Hintergrund des Verfahrens sind Äußerungen, die der Pastor einer sich selbst als „bibeltreu“ bezeichnenden Bremer Gemeinde 2019 in einem sogenannten Eheseminar tätigte. Diese wurden anschließend auch als Tondatei im Internet verbreitet. Laut Staatsanwaltschaft sprach der 54-Jährige mit Blick auf Homosexualität während dieses Seminars unter anderem von „Degenerationsformen der Gesellschaft“.
Darüber hinaus bezeichnete der seit längerem auch öffentlich stark umstrittene Geistliche demnach Teilnehmerinnen und Teilnehmer an Christopher-Street-Day-Paraden als „Verbrecher“. Auch sprach er von „Genderdreck“ und nannte diesen „zutiefst teuflisch“. Die Staatsanwaltschaft klagte ihn deshalb wegen Volksverhetzung an. Das Bremer Amtsgericht folgte dieser Argumentation und verurteilte den Pastor im vergangenen Jahr zu einer Geldstrafe von 8100 Euro.

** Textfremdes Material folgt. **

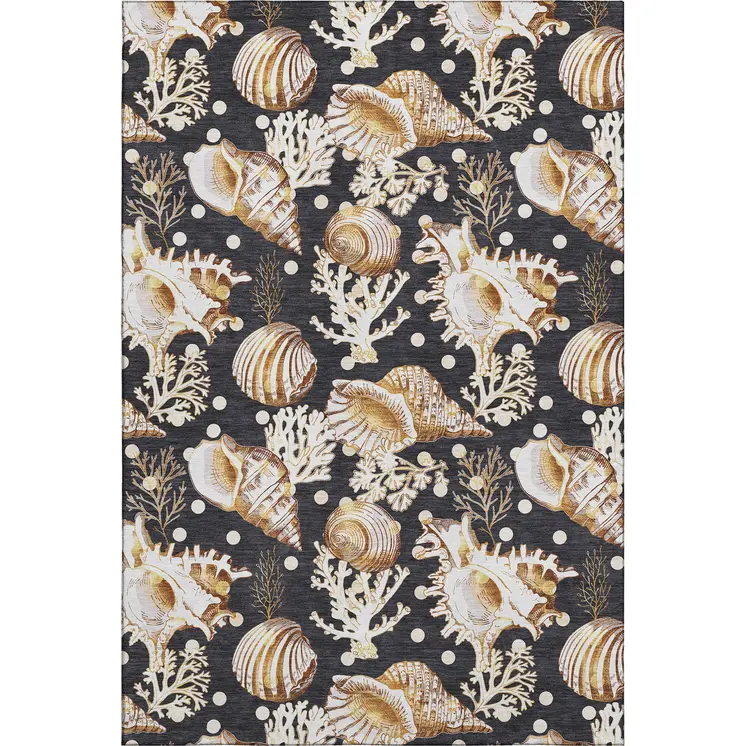 9' X 12' Midnight Ivory And Beige Geometric Washable Area Rug With UV Protection
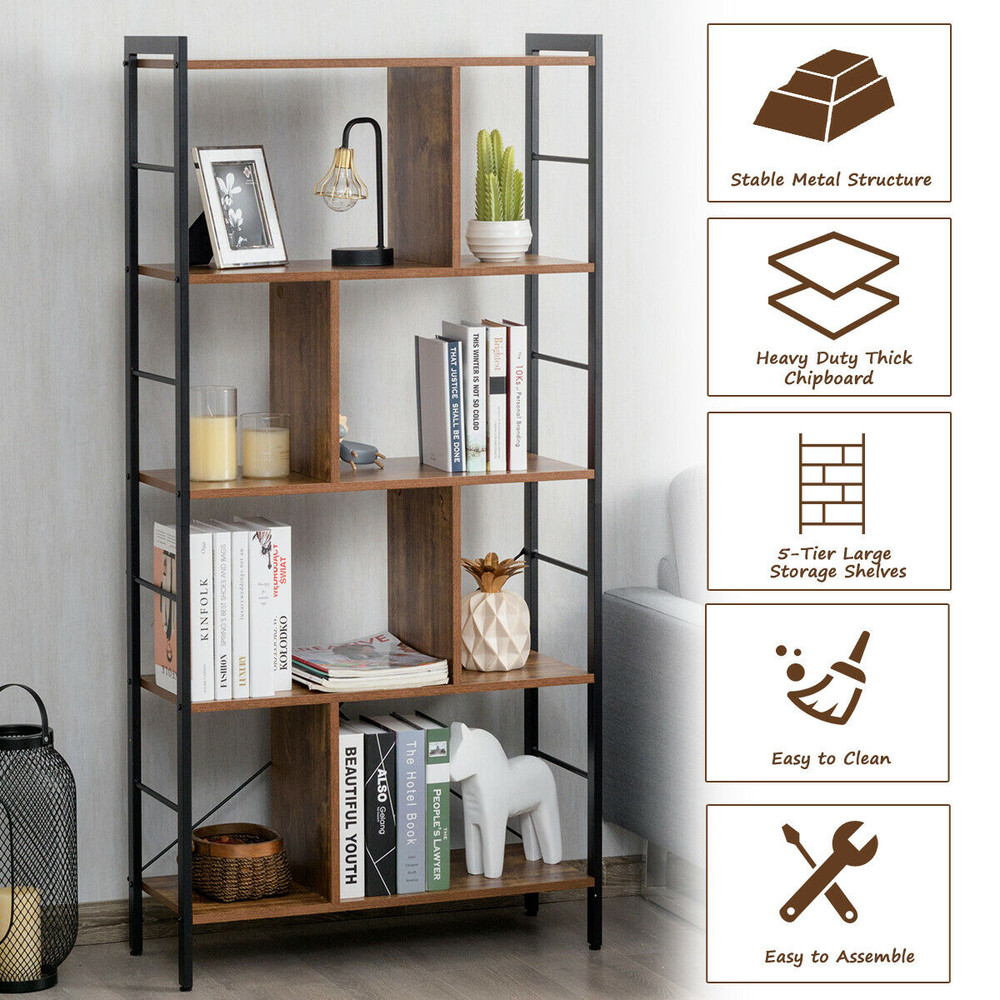4 Tier Industrial Bookshelf, Freestanding Storage Rack with Metal Frame & Chipboard Shelves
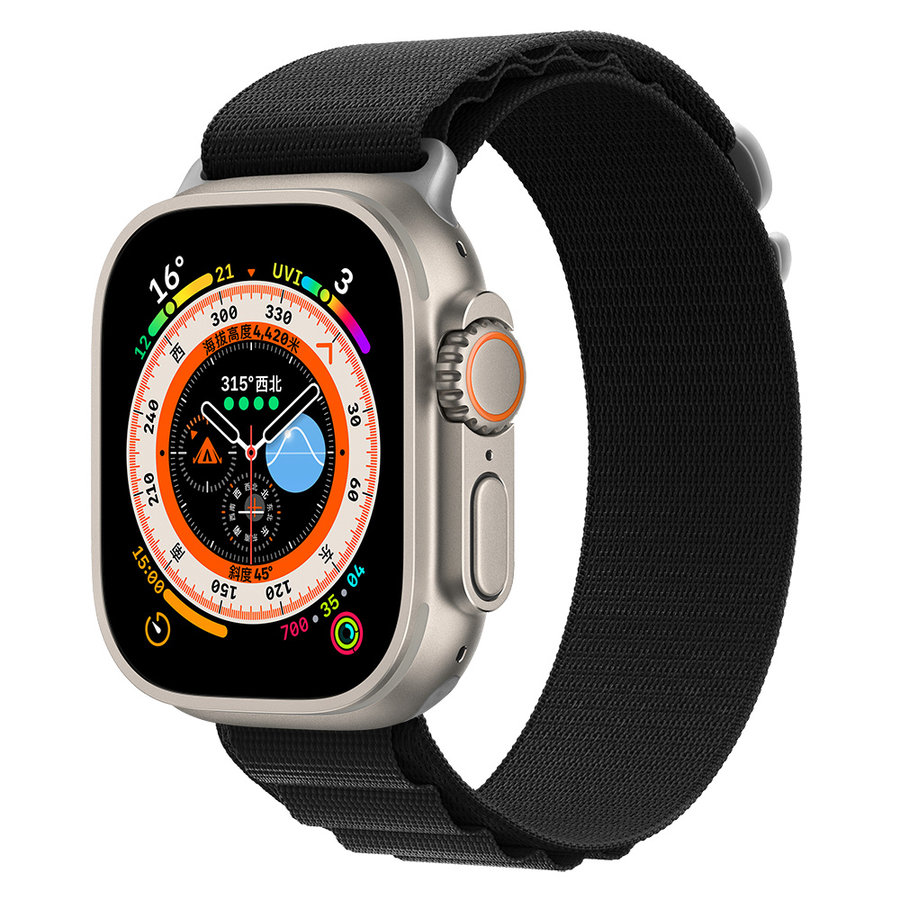Apple Watch 42/44/45/49 mm Schwarz – Deluxe Series Sport5 Nylonarmband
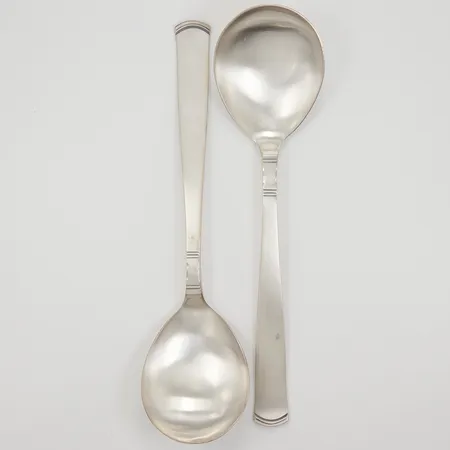Ett par Serveringsskedar, modell Rosenholm, 21cm, GAB år 1985, 830/1000 silver,  Vikt: 132,8 g
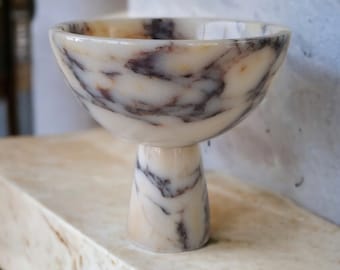 8" Calacatta Viola marble fruit bowl-marble serving bowl-curved bowl-marble platter-hand made-natural stone-free shipping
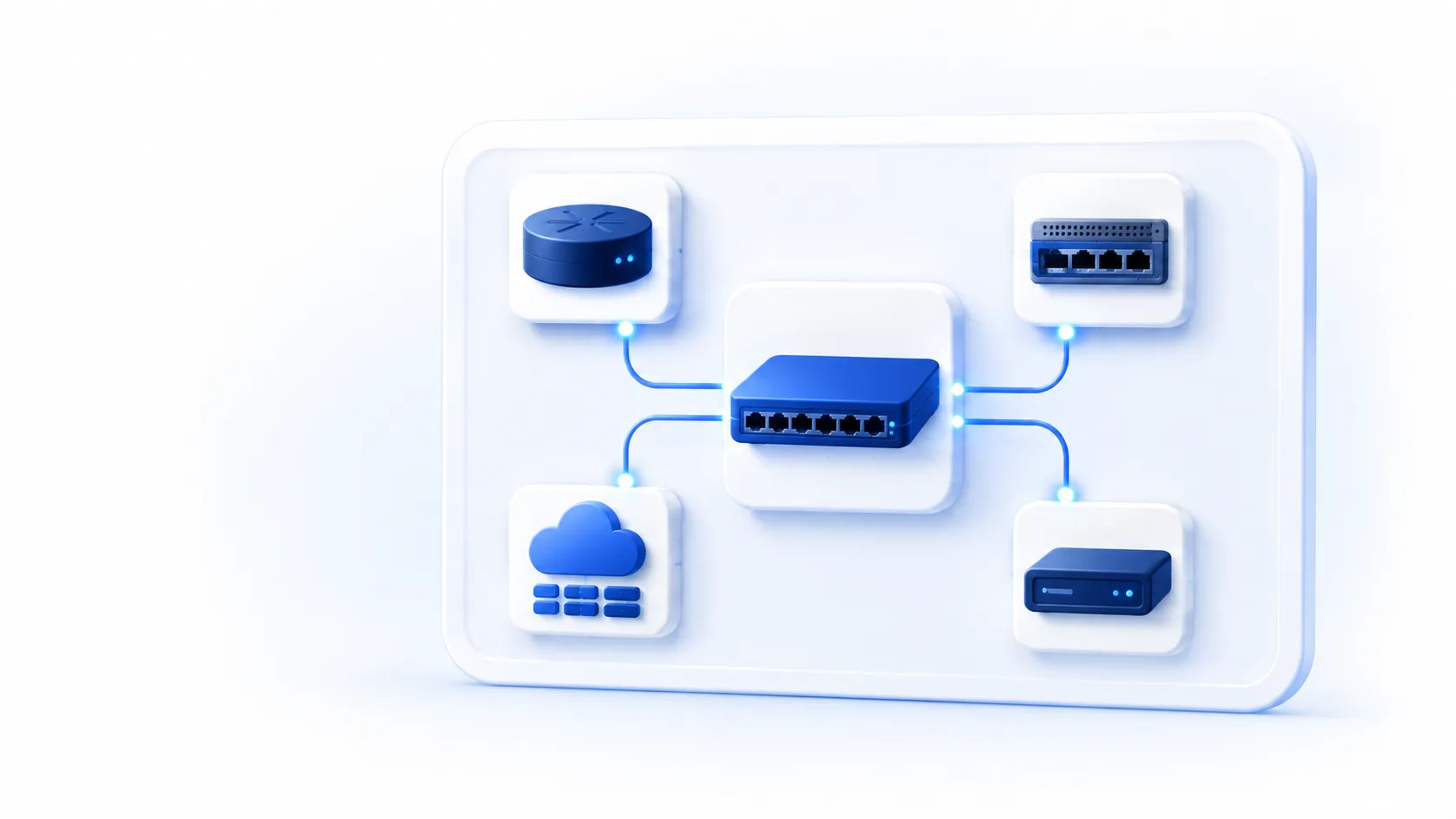 A central network switch connected to four network elements in a relationship-aware CMDB.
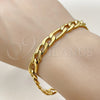Pulsera Básica 03.256.0002.09 Acero Inoxidable, Diseño de Figaro, Pulido, Tono Dorado (Thickness, 9 Inches Length)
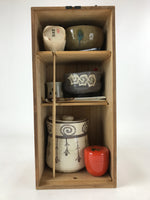Japanese Tea Ceremony Set Chabako Wooden Box Vtg Pottery Chawan PX718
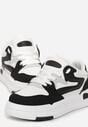 Biało-Czarne Sneakersy z Imitacji Skóry z Ozdobnymi Wstawkami Xavara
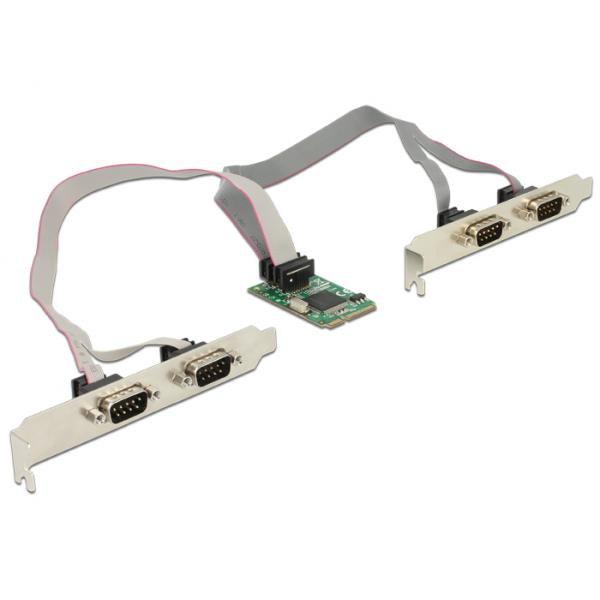 DeLOCK 95243 scheda di interfaccia e adattatore Interno Seriale (Delock Adapter Mini PCIe Karte >4 x Seriell RS-232+++)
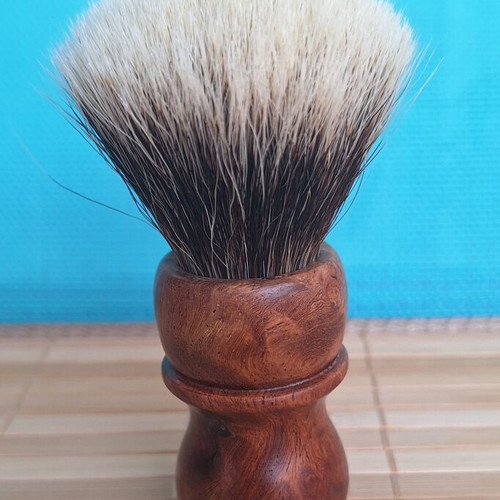 Elite Razor Amboyna Burl Shaving Brush like new, handmade USA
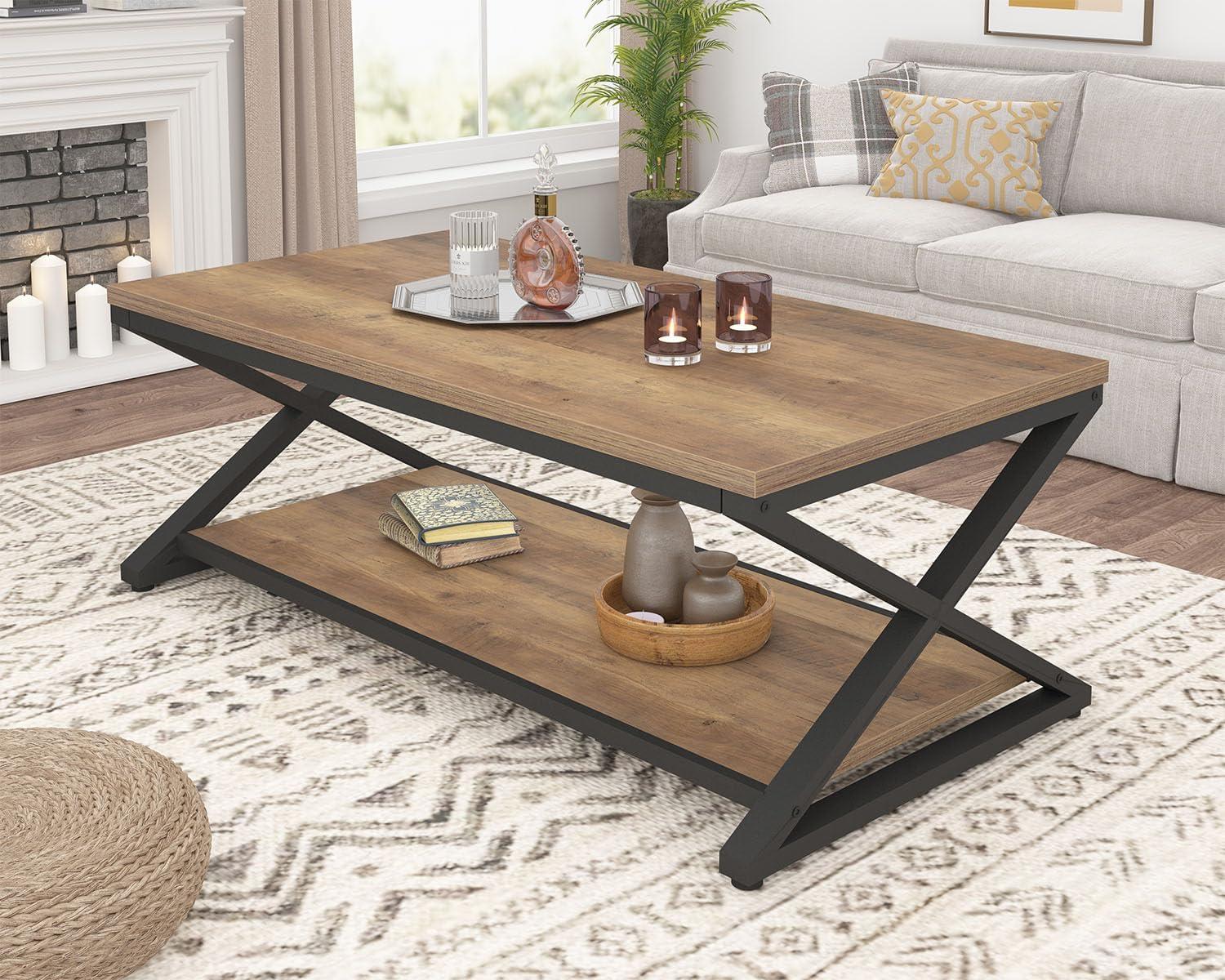 47 Inch Table with Storage Shelf, 2 Tier Rectangle Center Table Minimalist Home Tea Coffee Table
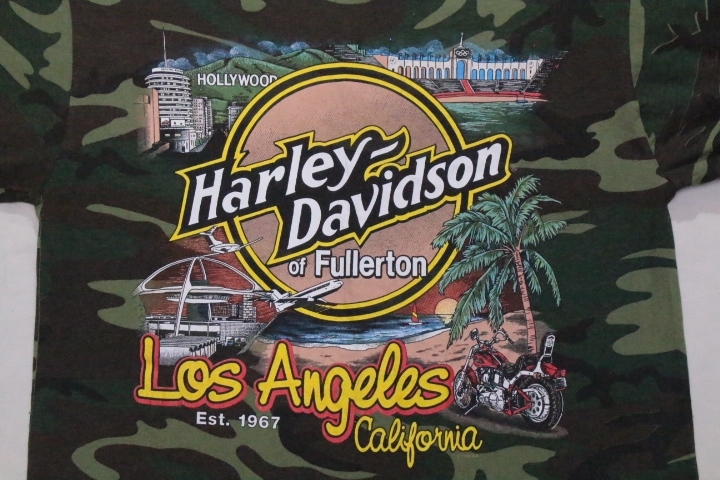 ヴィンテージ ハーレー迷彩Tシャツ シングルステッチ USA製 表記M HarleyDavidson Y2K古着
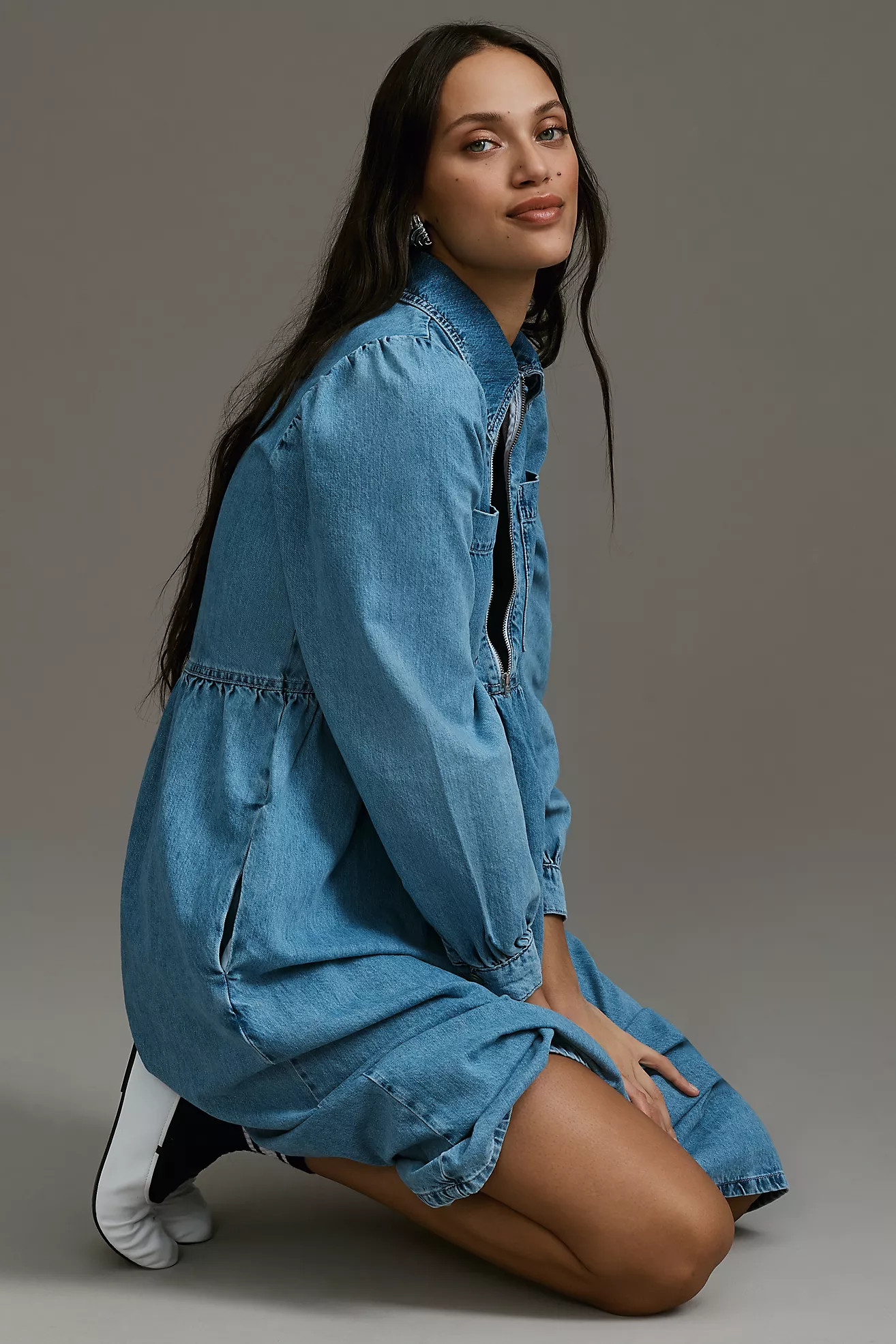 ALIGNE Gabriella Denim Midi Dress | Anthropologie (US)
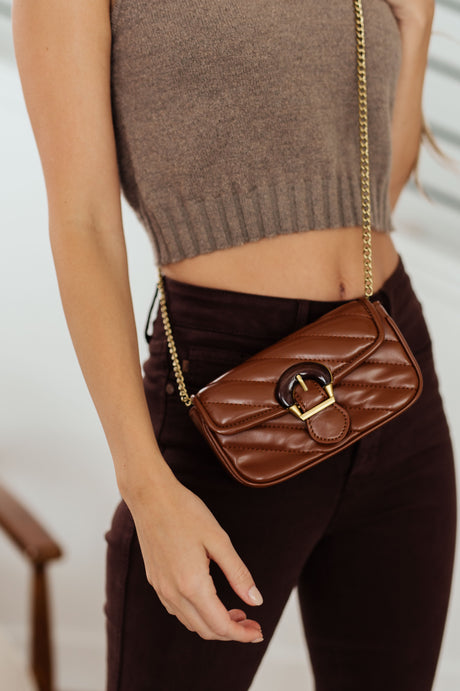 Classic Beauty Quilted Clutch in Brown - Liarian Unlimited Boutique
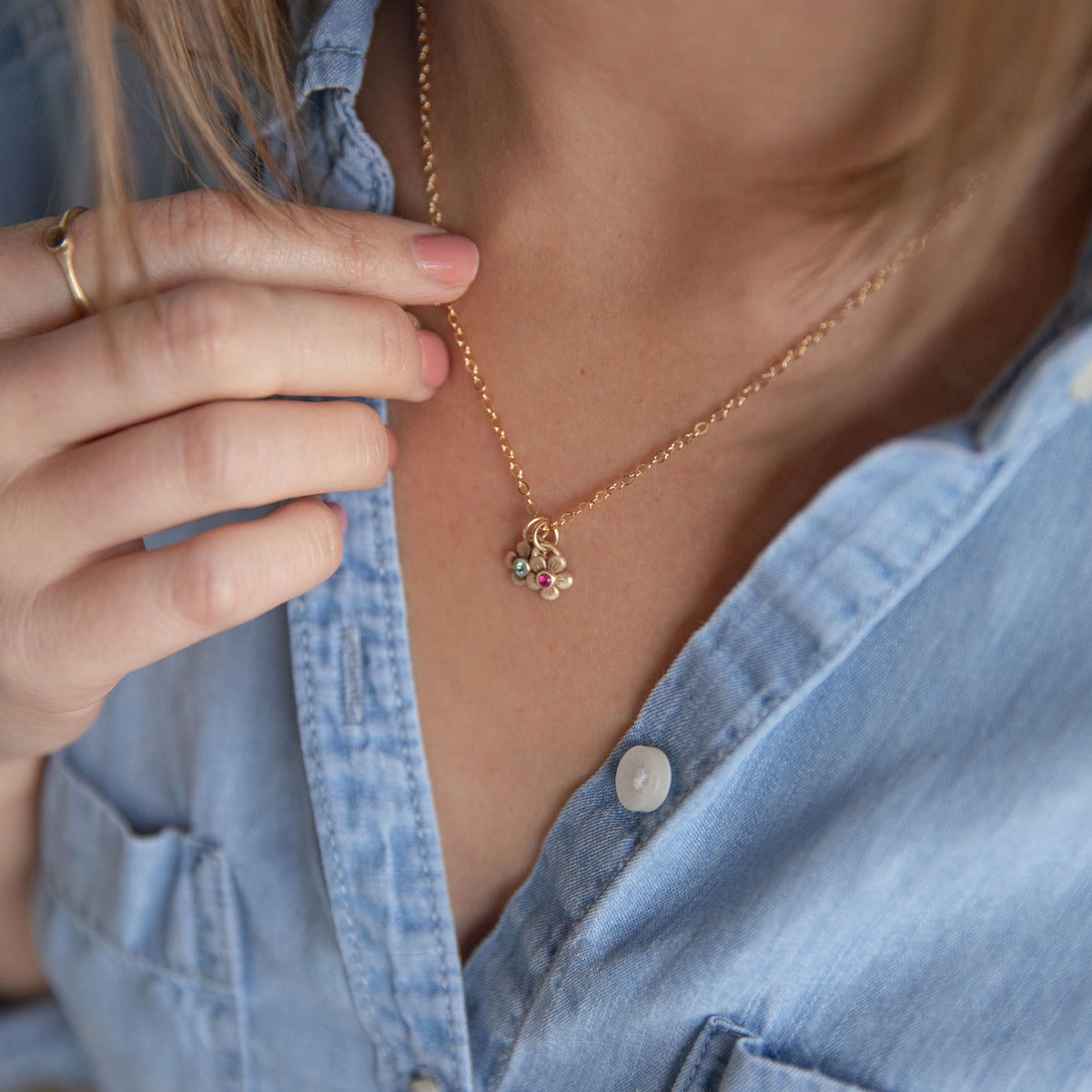 Birthstone Bloom Necklace (9K Solid Gold)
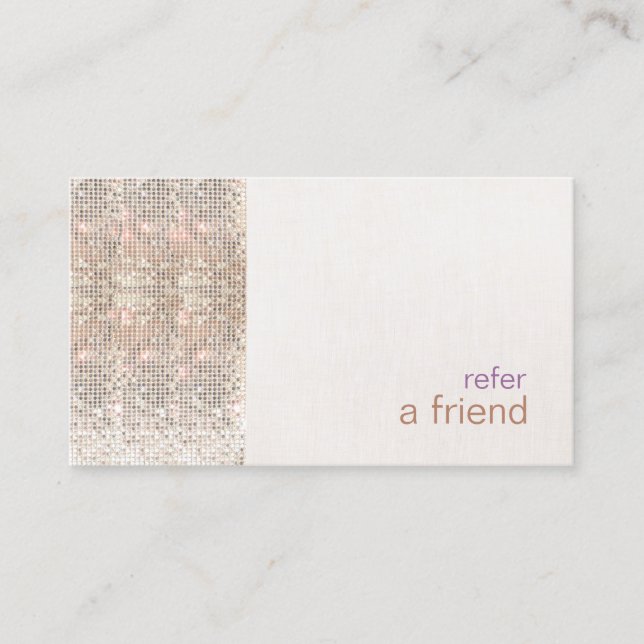 Faux Silver Sequins Customer Referral Salon Card (Front)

Dagegen ging der Mann vor dem Landgericht in Berufung. Er verteidigte sich unter anderem damit, dass seine Äußerungen nicht zum Hass auf konkrete Menschen aufgerufen, sondern nur die religiös begründete Ablehnung bestimmter gesellschaftlicher Ideen ausgedrückt hätten. Die Staatsanwaltschaft wertete dies in dem Berufungsverfahren laut Gerichtssprecher als „Schutzbehauptung“, die Richter kamen am Ende allerdings zu einer anderen Einschätzung.
Mit Blick auf vom Bundesverfassungsgericht gesetzte einschlägige juristische Beurteilungskriterien stuften sie diese Argumentation als legitime Interpretationsmöglichkeit ein, die zugunsten des Beschuldigten nicht von der Hand zu weisen sei. Eine wichtige Rolle bei der Entscheidung spielte laut Sprecher außerdem, dass das Gericht zu der Feststellung kam, dass die Einbettung der Passagen in den Gesamtkontext des Seminars mitentscheidend sei.
Der Fall des Pastors beschäftigt die evangelische Kirche in Bremen schon seit langem. Der Mann ist ein bundesweit bekannter Vertreter einer betont fundamentalistischen Glaubensauslegung und aufgrund seiner Äußerungen heftig umstritten. Seine Gemeinde unterstützt ihn ausdrücklich. 2020 leitete die Kirche ein Disziplinarverfahren ein und enthob ihn vorläufig des Diensts. Aufgrund rechtlicher Bedenken kam es 2021 jedoch zu einer einvernehmlichen Regelung.
Demnach darf der Pastor bis zum Abschluss der strafrechtlichen und disziplinarrechtlichen Verfahren weiter arbeiten. Er entschuldigte sich im Gegenzug öffentlich für seine Äußerungen und stellte dabei klar, dass er keinesfalls zu Menschenhass habe aufrufen wollen. Ob der Fall mit dem Urteil des Landgerichts abgeschlossen ist, ist noch offen. Die Staatsanwaltschaft könnte dieses noch anfechten.